TJMS - Notícias | 03 de fevereiro de 2026 - 17h30

TJMS amplia regras para remição de pena por leitura em presídios de Mato Grosso do Sul

Nova portaria permite uso de qualquer obra literária e pode reduzir até 48 dias de pena por ano

SISTEMA PRISIONAL
Nova portaria do TJMS amplia o acesso à remição de pena por meio da leitura em presídios do Estado. - (Foto: Reprodução/TJMS - Notícias)

O Tribunal de Justiça de Mato Grosso do Sul (TJMS) publicou novas regras que ampliam o acesso à remição de pena pela leitura de obras literárias em estabelecimentos penais do Estado. A medida está prevista na Portaria Conjunta nº 004, de 13 de outubro de 2025, divulgada no Diário da Justiça Eletrônico nesta segunda-feira (2), e passa a orientar a atuação do Judiciário no reconhecimento desse direito às pessoas privadas de liberdade.

A norma foi editada pelo Grupo de Monitoramento e Fiscalização do Sistema Carcerário e do Sistema de Execução de Medidas Socioeducativas (GMF), em conjunto com a 1ª e a 2ª Vara de Execução Penal da Capital, a 1ª e a 2ª Vara de Execução Penal do Interior e a Vara da Justiça Militar Estadual da comarca de Campo Grande. O texto tem como base a Lei de Execução Penal, a Resolução nº 391/2021 do Conselho Nacional de Justiça (CNJ) e diretrizes nacionais voltadas à educação, cultura e ressocialização no sistema prisional.

A iniciativa também está alinhada à meta 30.2 do Plano Estadual Pena Justa, que trata do enfrentamento ao estado de coisas inconstitucional no sistema prisional sul-mato-grossense. O objetivo é ampliar o percentual de presos que conseguem reduzir a pena por meio da leitura.

Pelas novas regras, todas as pessoas privadas de liberdade poderão solicitar a remição de pena mediante a comprovação da leitura de qualquer obra literária, sem necessidade de participação em projetos específicos ou restrição a listas prévias de livros autorizados. A cada livro lido, será possível remir quatro dias de pena, respeitado o limite de até 12 obras por ano. Na prática, isso permite uma redução máxima de 48 dias da pena a cada período de 12 meses.

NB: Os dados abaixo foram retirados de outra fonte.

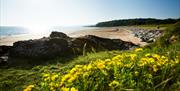 A photo of Helen's Bay beach on a beautiful summers day with green grass and yellow flowers on the shore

A mudança representa uma ampliação significativa em relação à norma anterior, que restringia a remição a acervos previamente definidos. Agora, o acesso às obras literárias passa a ser mais amplo, desde que respeitados os procedimentos estabelecidos pela portaria.

O processo começa com o registro do empréstimo do livro no acervo da biblioteca da unidade prisional. A pessoa custodiada terá prazo de 21 a 30 dias para concluir a leitura. Após esse período, deverá apresentar, em até 10 dias, um relatório de leitura, seguindo modelo padronizado anexado à portaria.

O texto também estabelece diretrizes para a formação e ampliação dos acervos das unidades prisionais, inclusive por meio de doações. A norma assegura diversidade de autores e gêneros literários e proíbe qualquer forma de censura, garantindo o acesso ao livro e à leitura a toda a população carcerária.

A análise dos relatórios ficará a cargo de uma Comissão de Validação, que será instituída pelo Juízo da Vara de Execução Penal competente. Essa comissão contará com representantes do Poder Executivo, especialmente das áreas de educação e administração penitenciária, além de docentes, bibliotecários, integrantes da sociedade civil, instituições de ensino, pessoas privadas de liberdade e familiares.

A participação na comissão será voluntária e não terá vínculo empregatício. Esse modelo altera a sistemática anterior, prevista na Portaria Conjunta nº 001/2019, que atribuía à direção das unidades prisionais a nomeação e a presidência das comissões responsáveis pela seleção dos participantes e pela análise dos trabalhos.

A nova norma também prevê mecanismos de apoio a pessoas em fase de alfabetização, permitindo o uso de outras formas de expressão para o registro do conteúdo lido, de modo a garantir inclusão e acesso ao benefício.

Após a validação pela comissão, os relatórios e a indicação dos dias de pena a serem remidos serão encaminhados ao Juízo da Execução Penal, responsável pela homologação e pelo lançamento das informações no Sistema Eletrônico de Execução Unificado (SEEU).

A portaria deixa claro que a remição pela leitura não substitui nem exclui outras modalidades previstas em lei, como aquelas decorrentes do trabalho ou da educação formal. A cumulação dos benefícios é expressamente permitida.

Com a entrada em vigor da Portaria Conjunta nº 004/2025, fica revogada a Portaria Conjunta nº 001/2019, passando a nova norma a disciplinar integralmente a remição de pena pela leitura no âmbito do Judiciário de Mato Grosso do Sul.